Here is a really inconvenient truth about the development rules we have to follow in Hattiesburg. It’s virtually impossible unless you are building a cookie cutter Olive Garden on raw land out west. Cause that is how we designed our development code - to meet the standardized rules of national chains pumping out urban sprawl in new sections of town rather than to reflect the 100+ years of history imbedded in the built environment in the older sections of town. I would wager that every single one of the restaurants key to our city’s identity east of HWY 49 would not be legal to build today. Now I love those little cheddar biscuits too, but who wants more Olive Gardens and fewer Keg & Barrels?

So what happens? People focusing on small projects like me frequently give up, cheat, or go build stuff outside the City limits and hope they don’t get annexed. Large developers spend tens of $1000s to hire civil engineers, architects, and lawyers, and every once in a while aggregate enough land to build a cool project (with lots of a variances - I think Midtown had 31). And empty and dilapidated buildings on Hardy Street sit.

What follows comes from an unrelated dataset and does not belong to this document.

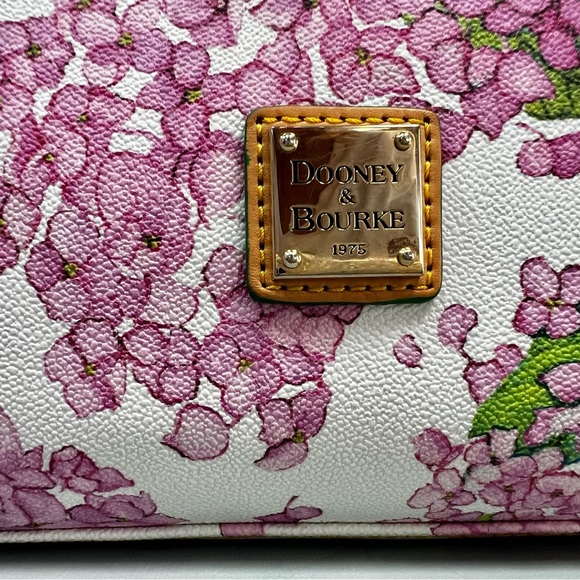 Dooney and Bourke Gorgeous Convertible Bag With Lavender Hydrangea Flowers - Picture 3 of 14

Truth be told though, all of the above isn’t what actually makes me mad. Lots of good people came together and tried to compile a land development code to prevent anything bad from being built. All those little, well intentioned rules did add up to what I would argue is an albatross holding back investment in the older sections of town. I don’t like it, I think we should hack off about half these rules and let the free market decide if a sign should be 37” from the ground, but it is possible that is just my personal politics shining through.

What makes me so frustrated is that I am going through this process and the building next door is falling down. Literally. And I shouldn’t pick on the church - they are far from the only one. Go a few doors down from me, and you have a cute brick house boarded up with visible roof issues owned by a former city councilman. Keep going and you get a historic grand dame falling apart before our eyes owned by the daughter of a former city attorney. It isn’t just Main Street - downtown, Hardy, West Pine they all struggle with this issue. I am not talking about slum lords or some investor out of Texas. These are prominent, stalwart anchors of our City who have done more for Hattiesburg than I will ever come close to doing. Yet we have decided, as a City, that it is culturally acceptable to own buildings that do not reflect how we want others to see our community. Nobody is perfect in this world, me especially. Construction is hard, expensive, and time consuming, and many of my projects are not as far along as I wish. Sometimes life just gets in the way - be it a vicious tornado ten years ago, a sick relative, or our finances. But why is it easier on Main Street, Hattiesburg, MS to let your roof collapse than it is to put up a $750 sign?